I want to write a small program for cluster analysis and want to generate some random Points for testing. If I would just insert 1000 Points with random coordinates they would be scattered all over the field which would make a cluster analysis worthless.
Is there a simple way to generate Random Numbers which build clusters?
I already thought about either not using random()
but random()*random()
which generates normally distributed numbers (I think I read this somewhere here on Stack Overflow).
Second approach would be picking a few areas at random and run the point generation again in this area which would of course produce a cluster in this area.
Do you have a better idea?
Solution
If you are deliberately producing well formed clusters (rather than completely random clusters), you could combine the two to find a cluster center, and then put lots of points around it in a normal distribution.
As well working in cartesian coords (x,y); you could use a radial method to distribute points for a particular cluster. Choose a random angle (0-2PI radians), then choose a radius. Note that as circumference is proportional radius, the area distribution will be denser close to the centre - but the distribution per specific radius will be the same. Modify the radial distribution to produce a more tightly packed cluster.

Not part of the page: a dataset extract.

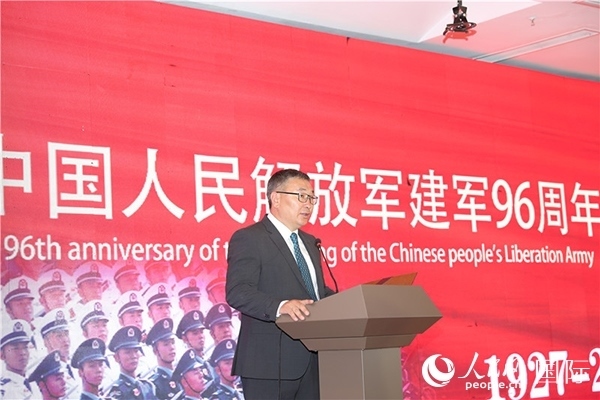 蒙古國國防部副部長瑪格奈致辭。人民網(wǎng)記者 霍文攝J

OR you could use real world derived data for semi-random point distributions with natural clustering. Recently I've been doing quite a bit of geospatial cluster analysis. For this I have used real world data - zipcode centroids (which form natural clusters around cities); and restaurant locations. Another suggestion: you could use a stellar catalogue or galactic catalogue.
OTHER TIPS
Generate few anchors. True random numbers. Then generate noise around them:
anchor + dist * (random() - 0.5))
this will generate clustered numbers, that will be evenly distributed in distance dist
.
- Add an additional dimension to your model.
- Draw an irregular (i.e. not flat) surface.
- Generate numbers in the extended space.
- Discard all numbers which are on one side of the surface.
- From every number left, drop the additional dimension.
Maybe I have misunderstood, but the gnu scientific library (written in c) has many distributions written within it - could you not pick coordinates from the Gaussian/poisson etc from that library?
http://www.gnu.org/software/gsl/manual/html_node/Random-Number-Distributions.html
They provide a simple example with the Poisson distribution from the link, too.
If you need your distribution to be bounded (for example y-coordinate not less than -1) then you can achieve that by rejection sampling from the uniform distribution in the gsl.
Blessings, Tom
My first thought was that you could implement your own using a linear congruential generator and experiment with the coefficients until you get a low enough period to suit your needs. A really low m
coefficient should do the trick.
I also like your second idea of running a good RNG around a few pre-selected points to create clusters. You could either target specific areas for the clusters with this method, or generate those randomly as well.